Work request: With the images omitted, return all of the entries exactly as they stand.

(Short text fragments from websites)

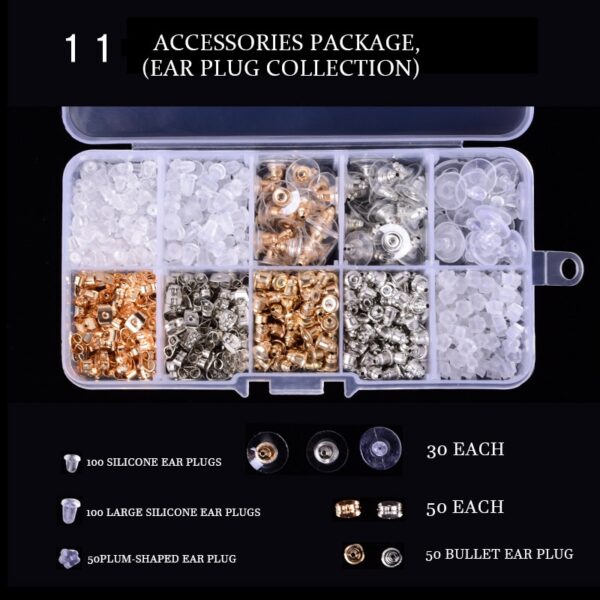 Jewelry box Tool jewelry Making supplies Material Beads Earring Hook Pin Sets for Supplies Lobster Clasp Earrings Accessories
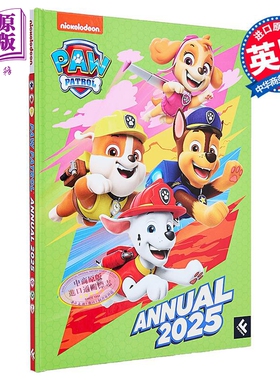 汪汪队2025年鉴 Paw Patrol Annual 2025 英文原版 儿童绘本 图画故事书 活动书 卡通动画汪汪队立大功 进口童书【中商原版】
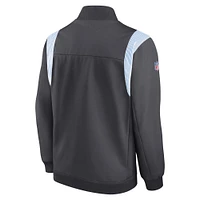 Men's Nike Anthracite Los Angeles Chargers Sideline Coaches Bomber Full-Zip Jacket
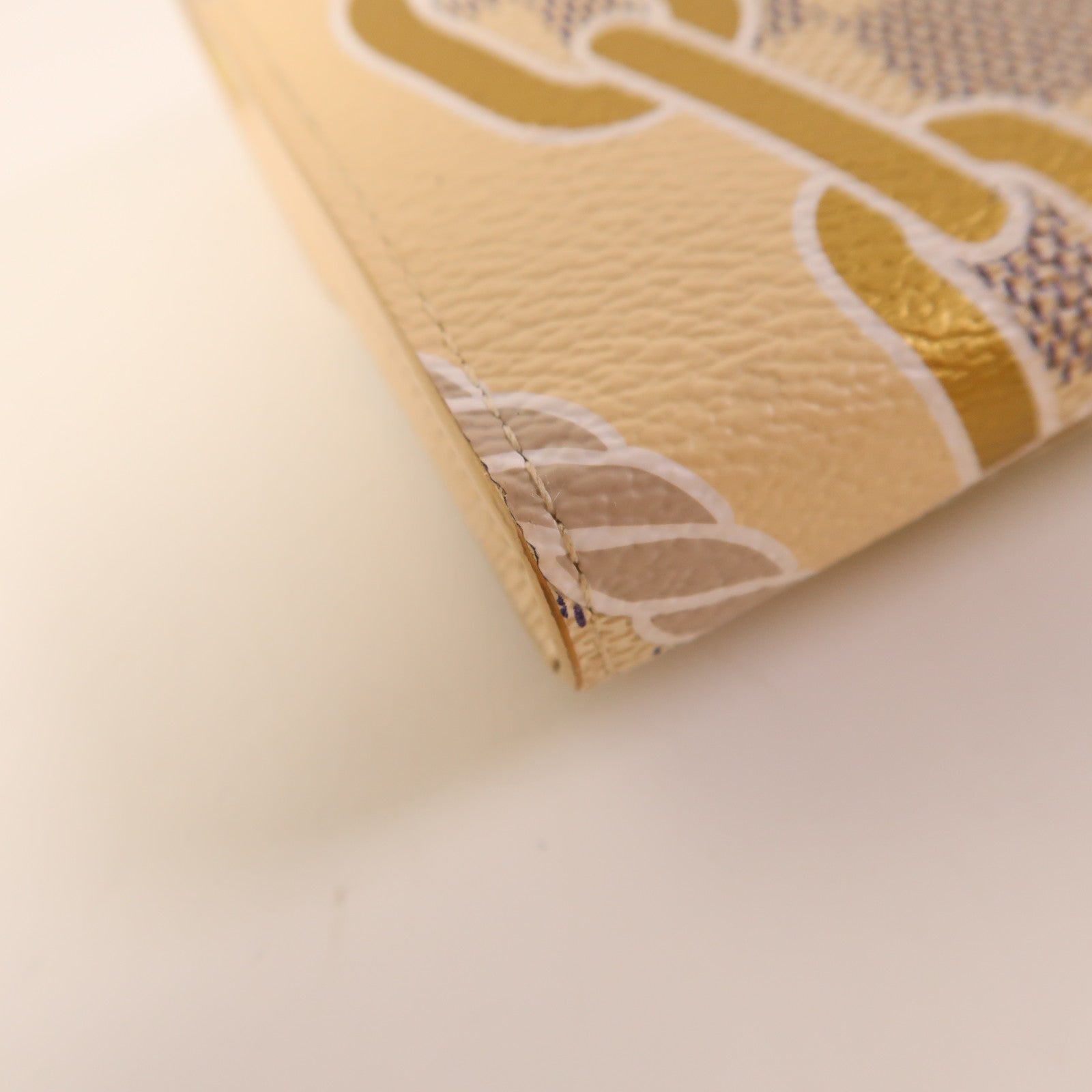 LOUIS VUITTON Damier Azur Sarah Wallet金扣長錢包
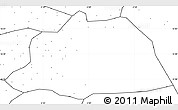 Blank Simple Map of NGouma, no labels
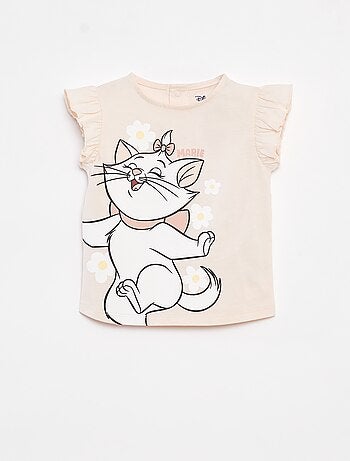T-shirt de mangas com folhos 'Disney'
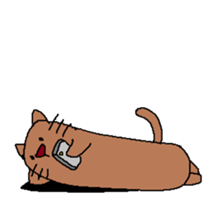 My name is long cat. sticker #9211512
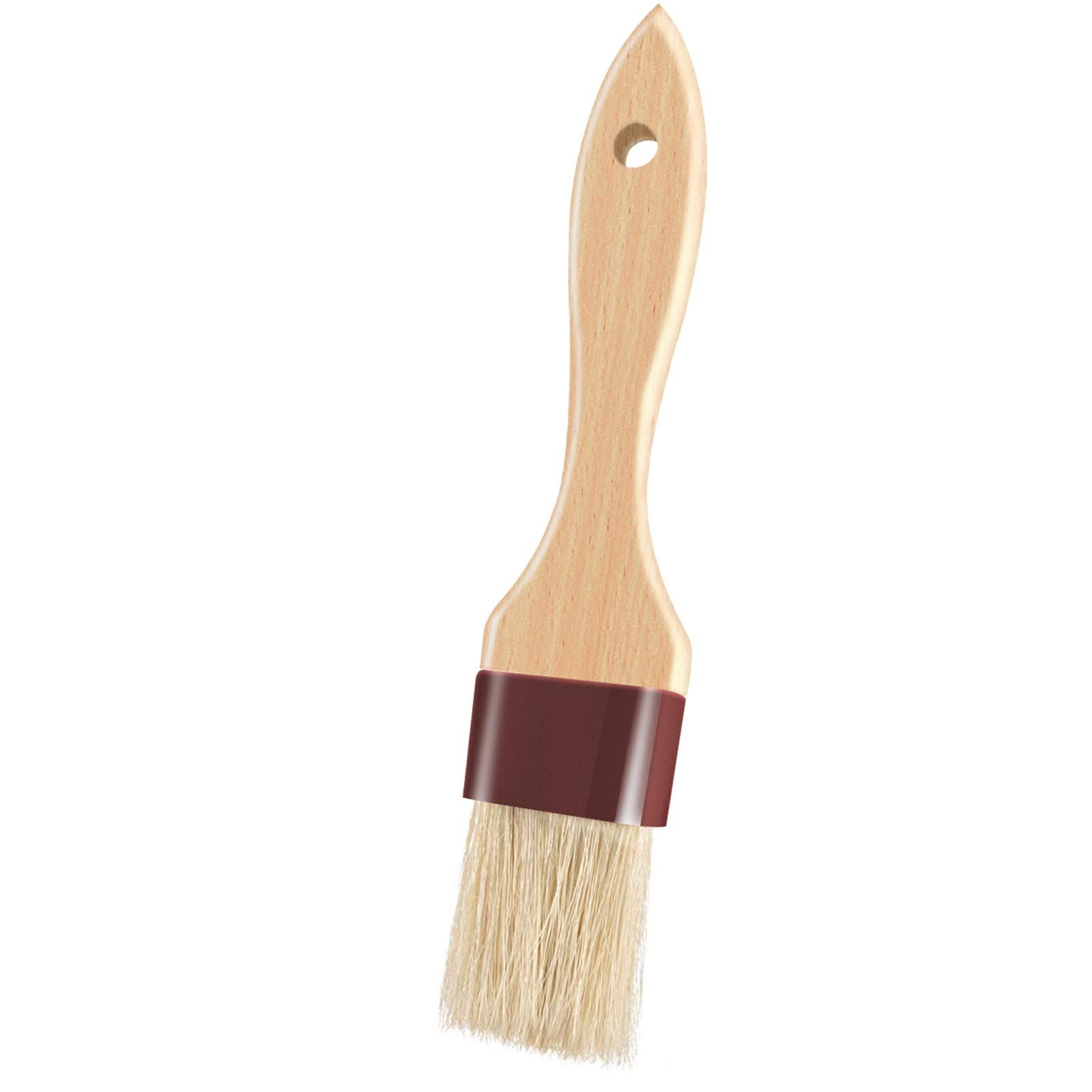 Pastry Brushes for Baking Basting Brush with Boar Bristles and Beech Hardwood Handles Culinary Oil Brush (1.57 inch)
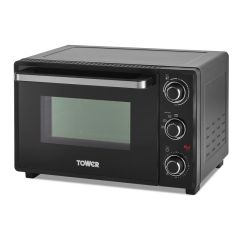 Tower T14043 23L Mini Oven Black With Silver Accents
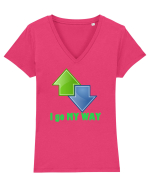 My way Tricou mânecă scurtă guler V Damă Evoker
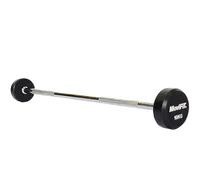Barra Sellada Recta Redonda Encauchetada Movifit De 10 Kg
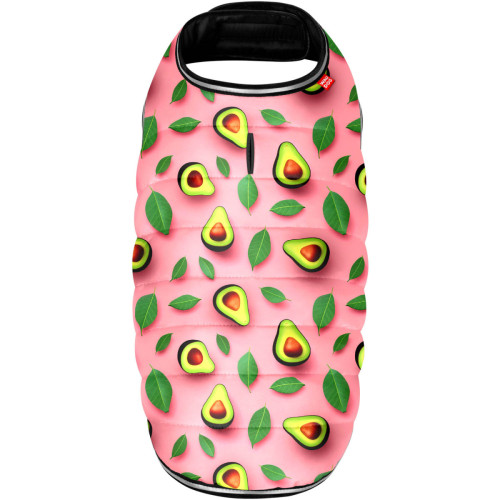 Курточка-накидка для собак WAUDOG Clothes, рисунок «Авокадо на розовом»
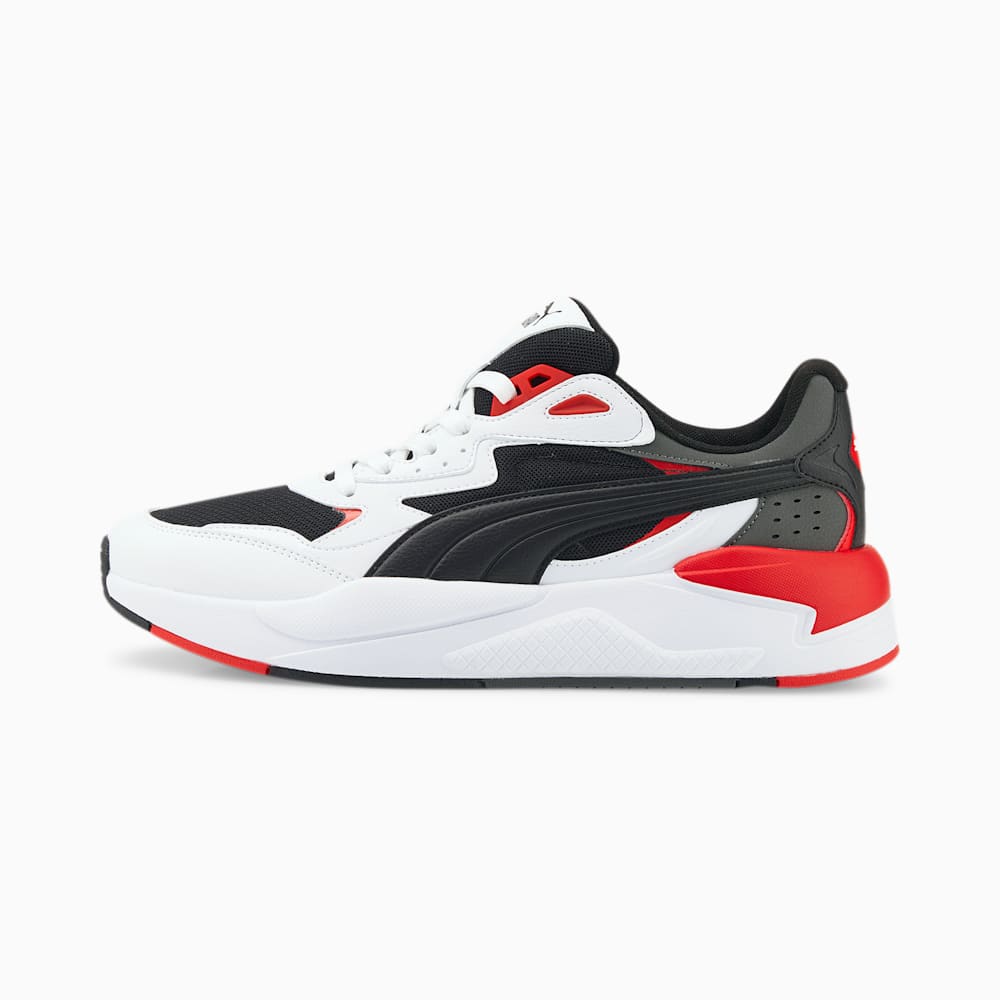 Puma X-Ray Speed Muške Tenisice Crne Bijele Crvene Tamno Sive | Hrvatska-35827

Answer to the problem:
 Jewelry box Tool jewelry Making supplies Material Beads Earring Hook Pin Sets for Supplies Lobster Clasp Earrings Accessories
 汪汪队2025年鉴 Paw Patrol Annual 2025 英文原版 儿童绘本 图画故事书 活动书 卡通动画汪汪队立大功 进口童书【中商原版】
 Men's Nike Anthracite Los Angeles Chargers Sideline Coaches Bomber Full-Zip Jacket
 LOUIS VUITTON Damier Azur Sarah Wallet金扣長錢包
 Blank Simple Map of NGouma, no labels
T-shirt de mangas com folhos 'Disney'
 My name is long cat. sticker #9211512
 Pastry Brushes for Baking Basting Brush with Boar Bristles and Beech Hardwood Handles Culinary Oil Brush (1.57 inch)
 Tower T14043 23L Mini Oven Black With Silver Accents
 My way Tricou mânecă scurtă guler V Damă Evoker
Barra Sellada Recta Redonda Encauchetada Movifit De 10 Kg
 Курточка-накидка для собак WAUDOG Clothes, рисунок «Авокадо на розовом»
 Puma X-Ray Speed Muške Tenisice Crne Bijele Crvene Tamno Sive | Hrvatska-35827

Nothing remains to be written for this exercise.